Plutôt habitué à des désignations internes sans tapage, le Parti radical valoisien a vu s'affronter (parfois durement) les deux candidats en lice: le maire de Nancy, Laurent Hénart, pilier du parti, et l'ancienne ministre sarkozyste Rama Yade. Le premier compare son adversaire à "un terroriste" et à "une enfant gâtée". La seconde renvoie son rival à sa faible notoriété tout en l'accusant (à demi-mots) de tripatouiller les fichiers du parti.
Les quelque 13.000 adhérents du Parti radical valoisien ont jusqu'à ce dimanche 22 juin pour les départager via un scrutin électronique qui pourrait une nouvelle fois souffrir des contestations. Et pour cause. La semaine dernière, Le Canard Enchaîné a mis le feu aux poudres en relevant des chiffres d'adhésion étonnants aux alentours du mois de mai.
Alors que certains redoutent un remake du psychodrame version UMP, le président de la commission de contrôle de l'élection au Parti radical, Xavier de Roux, assure que tout a été contrôlé en tenant compte des réclamations des candidats.

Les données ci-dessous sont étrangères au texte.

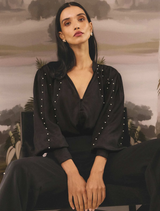 Black cupro stretch shirt by Marcela Pearl, featuring elegant embellishments for a stylish look.
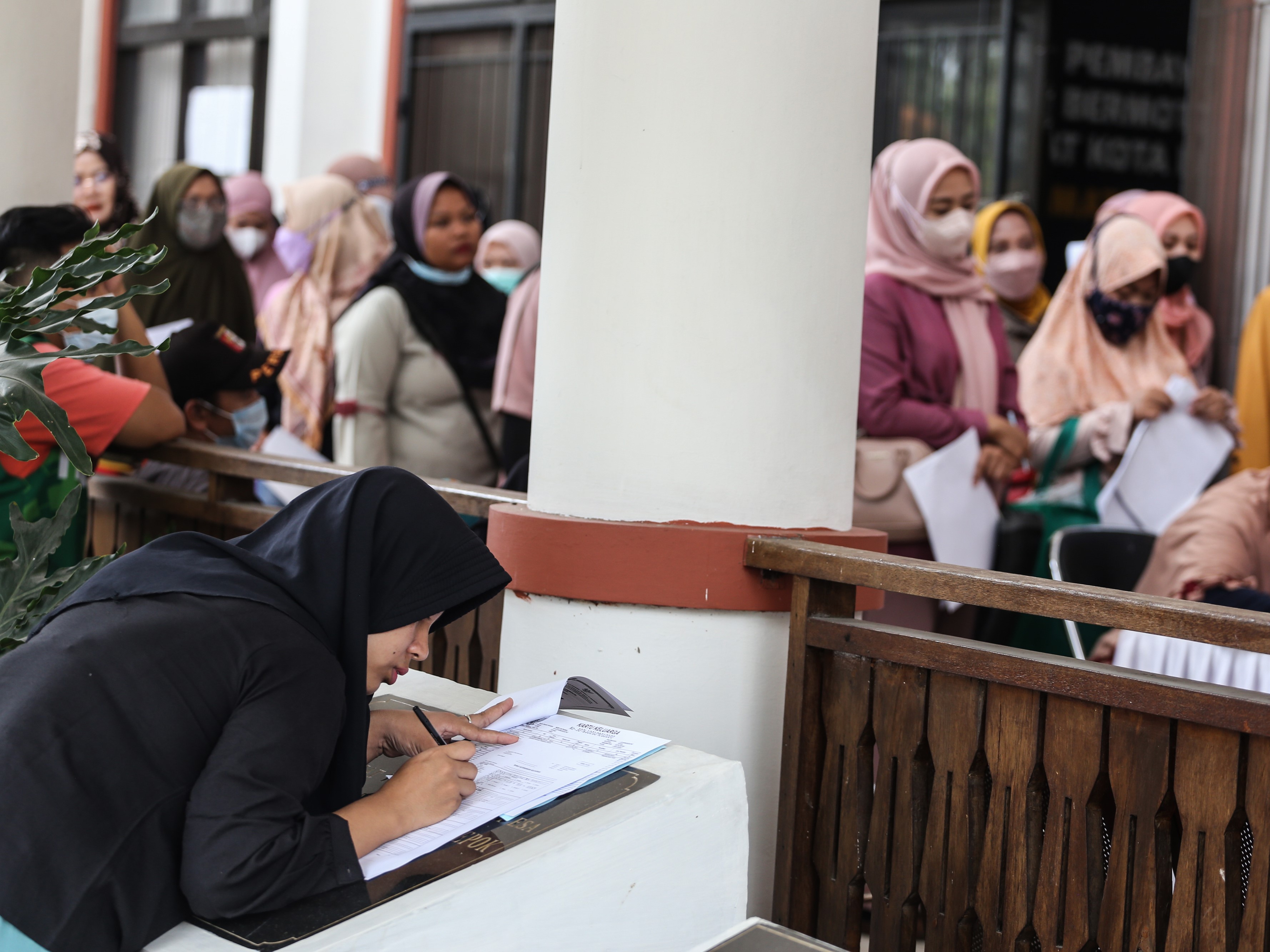 Warga mengisi formulir pendaftaran pembuatan Kartu Identitas Anak (KIA) di Kantor Kecamatan Tapos, Depok, Jawa Barat, Sabtu (22/10/2022). 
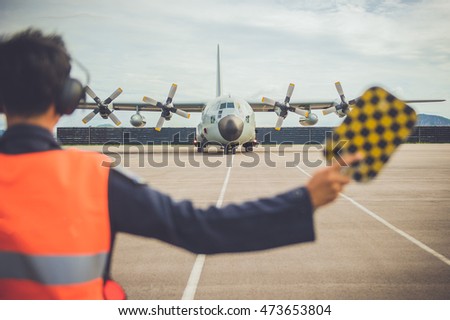 Military men are signaling a C130 military aircraft, propeller aircraft.

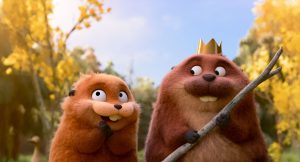 Two animated beavers stand side by side outdoors; one is wearing a gold crown and holding a stick, both have wide eyes and are smiling.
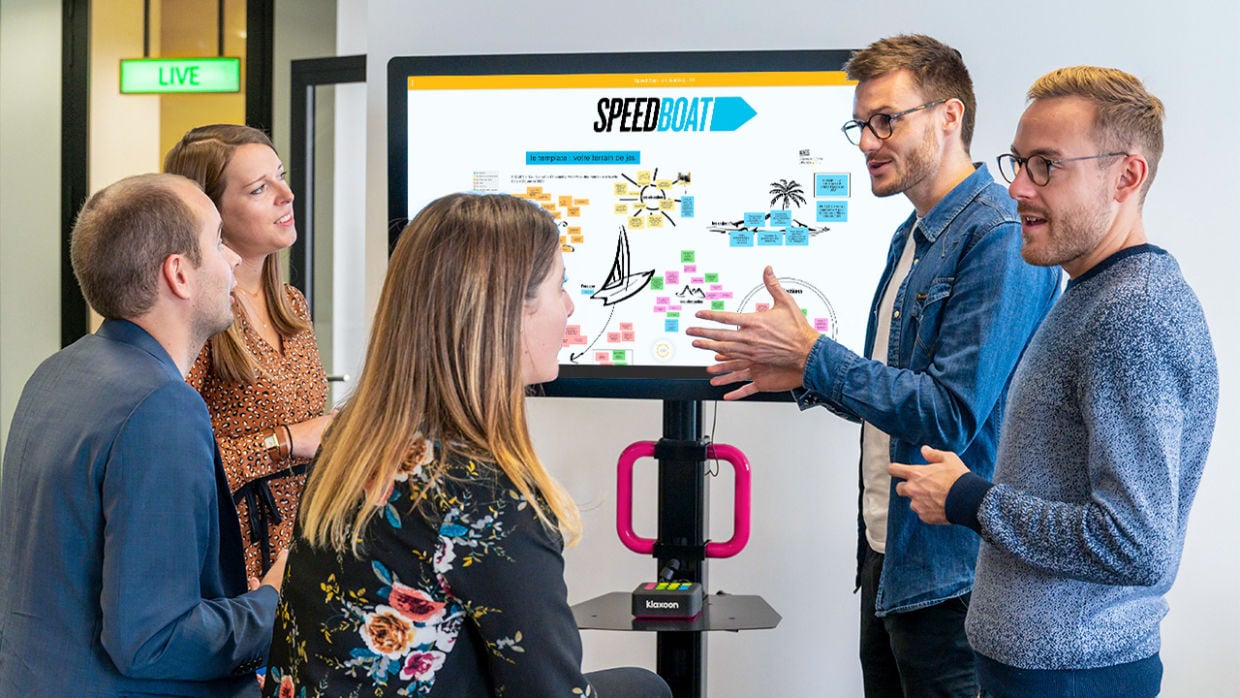 Un groupe de 5 personnes réuni autour d'un grand écran qui affiche une rétrospective Speed Boat. | Klaxoon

Hénart favori auprès des cadres, quid des adhérents?
Président par intérim du Parti radical, Laurent Hénart assure que toute la transparence a été faite sur les fichiers électoraux et que Rama Yade cherche avant tout à dynamiter une élection perdue d'avance. Car s'il est moins connu que sa rivale, propulsée devant les projecteurs lors de sa participation au gouvernement, le nouveau maire de Nancy dispose de solides appuis en internes.
"Je suis depuis 25 ans dans la maison. Quand il a fallu quitter l'UMP, c'est moi qui ait fait le taf", résume d'un ton détendu ce quadragénaire aux yeux bleus et à la mèche poivre et sel. Dès l'annonce du départ de Borloo, cet ancien secrétaire d'Etat de Jean-Pierre Raffarin (en charge de l'insertion professionnelle) a fait patiemment le tour des fédérations. A l'en croire, il disposerait du soutien des deux tiers des présidents de fédés. Dans les Hauts de Seine, où Rama Yade s'est implantée, "je serai majoritaire, prédit-il un sourire aux lèvres. Ce sont eux qui la connaissent le mieux".
Pas assez consensuelle Rama Yade? C'est justement ce qui pourrait séduire les adhérents d'un Parti radical menacé de dilution par une UDI encore en gestation. "Le Parti Radical a aujourd'hui perdu quasiment toute visibilité, il est l'oublié de la politique française. Qui mieux que Rama Yade pourrait permettre à notre parti de retrouver une voix qui porte et que l'on puisse entendre, une image jeune et positive?", plaident ses partisans.
Privée d'un mandat national ou exécutif, adhérente de fraîche date du PR, Rama Yade se dit prête à mettre sa notoriété au service de sa formation politique. "Une présidente à audience nationale, c'est un Parti radical fort, qui renforcera parallèlement l'UDI", écrit-elle dans son annonce de candidature. Les militants radicaux "en ont assez de devoir expliquer aux gens ce qu’est le Parti radical alors que c’est le plus vieux parti de France", déclarait-elle encore récemment.
Qui est la marionnette de Sarkozy?
Sur le fond pourtant, pas de désaccord profond. Et chacun revendique à demi-mots le soutien ou l'approbation de Jean-Louis Borloo, qui s'est pourtant bien gardé de prendre parti. Hénart s'inscrit dans les pas de l'ancien ministre. Yade assure que c'est Borloo qui lui a suggéré de prendre le parti lorsqu'il envisageait de se présenter à la présidentielle de 2012.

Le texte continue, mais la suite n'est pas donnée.